Çöl ile içsel yolculuğu harmanlayan "görsel filozof" : Petecia Le Fawnhawk
- Petecia Le Fawnhawk, resimden fotoğrafa, enstalasyondan heykele pek çok alanda eser veren bir sanatçı. Eserleriyle karşılaştığınızda sanatçının yaratıcı gücünün yoğunluğu karşısında büyülenmemek mümkün değil; özellikle de mektepli değil de alaylı olduğunu biliyorsanız.
Gücünü doğadan, bilhassa da çölden alan Le Fawnhawk’la sanata dair fikirlerini, eserlerini yaratım sürecini ve ilham kaynaklarını konuştuk.

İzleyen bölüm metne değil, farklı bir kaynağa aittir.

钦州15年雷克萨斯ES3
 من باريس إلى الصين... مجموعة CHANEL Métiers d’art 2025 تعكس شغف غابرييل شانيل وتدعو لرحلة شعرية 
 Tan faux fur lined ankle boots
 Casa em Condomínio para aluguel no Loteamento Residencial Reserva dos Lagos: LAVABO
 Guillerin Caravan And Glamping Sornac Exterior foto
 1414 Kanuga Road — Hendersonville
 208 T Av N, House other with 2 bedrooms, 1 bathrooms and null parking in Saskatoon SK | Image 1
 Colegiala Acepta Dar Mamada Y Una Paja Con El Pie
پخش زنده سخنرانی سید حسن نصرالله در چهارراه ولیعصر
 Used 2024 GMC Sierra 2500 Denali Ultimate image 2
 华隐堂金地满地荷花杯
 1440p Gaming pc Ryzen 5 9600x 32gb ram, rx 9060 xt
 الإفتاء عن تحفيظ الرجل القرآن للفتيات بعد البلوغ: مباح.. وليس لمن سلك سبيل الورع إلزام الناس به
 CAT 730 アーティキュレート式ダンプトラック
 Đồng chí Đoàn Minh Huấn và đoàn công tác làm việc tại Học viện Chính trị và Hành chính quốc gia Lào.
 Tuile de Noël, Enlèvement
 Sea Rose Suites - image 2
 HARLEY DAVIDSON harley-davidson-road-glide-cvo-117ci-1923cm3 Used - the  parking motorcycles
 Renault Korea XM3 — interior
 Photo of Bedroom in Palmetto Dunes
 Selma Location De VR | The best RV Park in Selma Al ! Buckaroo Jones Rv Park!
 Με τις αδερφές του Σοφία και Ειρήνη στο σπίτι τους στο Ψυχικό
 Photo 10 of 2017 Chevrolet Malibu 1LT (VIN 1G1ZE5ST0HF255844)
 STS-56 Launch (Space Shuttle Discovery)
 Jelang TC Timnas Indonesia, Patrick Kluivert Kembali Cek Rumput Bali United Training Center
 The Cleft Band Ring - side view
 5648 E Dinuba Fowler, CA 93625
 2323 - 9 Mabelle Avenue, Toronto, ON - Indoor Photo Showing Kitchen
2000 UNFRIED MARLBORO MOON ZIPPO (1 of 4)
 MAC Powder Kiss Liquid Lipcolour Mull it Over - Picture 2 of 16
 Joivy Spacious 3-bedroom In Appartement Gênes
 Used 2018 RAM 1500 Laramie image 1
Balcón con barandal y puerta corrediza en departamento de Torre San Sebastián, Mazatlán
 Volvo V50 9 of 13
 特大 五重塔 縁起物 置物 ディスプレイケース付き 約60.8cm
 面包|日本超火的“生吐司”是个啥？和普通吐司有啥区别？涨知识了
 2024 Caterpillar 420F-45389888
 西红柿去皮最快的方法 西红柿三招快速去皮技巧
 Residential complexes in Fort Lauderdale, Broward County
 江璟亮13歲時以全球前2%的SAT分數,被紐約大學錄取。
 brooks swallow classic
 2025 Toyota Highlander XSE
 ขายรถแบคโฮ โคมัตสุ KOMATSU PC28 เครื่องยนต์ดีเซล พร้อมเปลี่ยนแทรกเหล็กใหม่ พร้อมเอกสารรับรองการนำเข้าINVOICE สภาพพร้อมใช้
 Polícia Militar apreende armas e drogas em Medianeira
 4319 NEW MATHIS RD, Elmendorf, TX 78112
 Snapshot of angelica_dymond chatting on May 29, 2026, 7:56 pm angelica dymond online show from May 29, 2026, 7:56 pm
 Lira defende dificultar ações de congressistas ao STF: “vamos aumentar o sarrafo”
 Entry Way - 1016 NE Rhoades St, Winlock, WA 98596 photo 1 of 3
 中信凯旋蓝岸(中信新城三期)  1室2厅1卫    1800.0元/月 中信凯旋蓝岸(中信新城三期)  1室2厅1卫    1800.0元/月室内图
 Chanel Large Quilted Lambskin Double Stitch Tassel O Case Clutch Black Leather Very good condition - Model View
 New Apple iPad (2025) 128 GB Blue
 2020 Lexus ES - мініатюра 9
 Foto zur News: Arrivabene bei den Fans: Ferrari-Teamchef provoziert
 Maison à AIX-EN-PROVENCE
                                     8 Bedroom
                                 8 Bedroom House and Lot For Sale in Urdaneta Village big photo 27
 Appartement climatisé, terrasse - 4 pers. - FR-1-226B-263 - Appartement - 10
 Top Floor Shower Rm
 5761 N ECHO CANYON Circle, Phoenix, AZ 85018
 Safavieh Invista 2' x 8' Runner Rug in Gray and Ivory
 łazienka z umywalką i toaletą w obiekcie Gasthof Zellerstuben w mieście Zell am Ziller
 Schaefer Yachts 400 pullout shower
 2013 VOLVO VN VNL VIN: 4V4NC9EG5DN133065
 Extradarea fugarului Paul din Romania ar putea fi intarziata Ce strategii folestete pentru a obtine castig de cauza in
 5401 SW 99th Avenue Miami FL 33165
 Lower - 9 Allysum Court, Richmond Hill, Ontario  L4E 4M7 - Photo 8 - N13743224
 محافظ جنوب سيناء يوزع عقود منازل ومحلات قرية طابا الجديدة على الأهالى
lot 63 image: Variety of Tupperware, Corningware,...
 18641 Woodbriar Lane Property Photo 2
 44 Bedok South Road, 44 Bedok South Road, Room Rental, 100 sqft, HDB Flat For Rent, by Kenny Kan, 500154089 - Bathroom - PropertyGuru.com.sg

Kendinizi “görsel filozof” olarak tanımlıyorsunuz? Bu tanımı biraz açıklayabilir misiniz?
Ben kendimi “görsel filozof” olarak tanımlıyorum, evet, çünkü “içimdeki ben”i nasıl algıladığımı, kavrayış şeklimi ve onun görünen ve görünmeyen âlemle olan ilişkisini yansıtmaya çalışıyorum. İçime yaptığım yolculuk boyunda keşfettiğim şeyleri de görsel olarak ifade ediyorum.
Bir eser yaratma sürecinde sabitleriniz var mı? İlla yapmak zorunda hissettiğiniz şeyler vs…
Eserlerimin hepsinin çöl ile bir şekilde alakalı olması gerekiyormuş gibi hissediyorum. Aynı zamanda onları yaptığım yer de çöl olmalı. Bu benim yetiştiğim yer ile alakalı. Arizona’da büyüdüm. Orası benim rehberim, tapınağım, aynı zamanda da yuvam.
Sanatınıza ve yaptıklarınıza bakınca sizin kendi kendini yetiştirmiş bir sanatçı olduğunuza inanmak çok güç. Kendi kendini yetiştirmiş olmanın sanat ortamında zorlukları var mı? Varsa bunları aşmak için nasıl çözüm yolları geliştirdiniz?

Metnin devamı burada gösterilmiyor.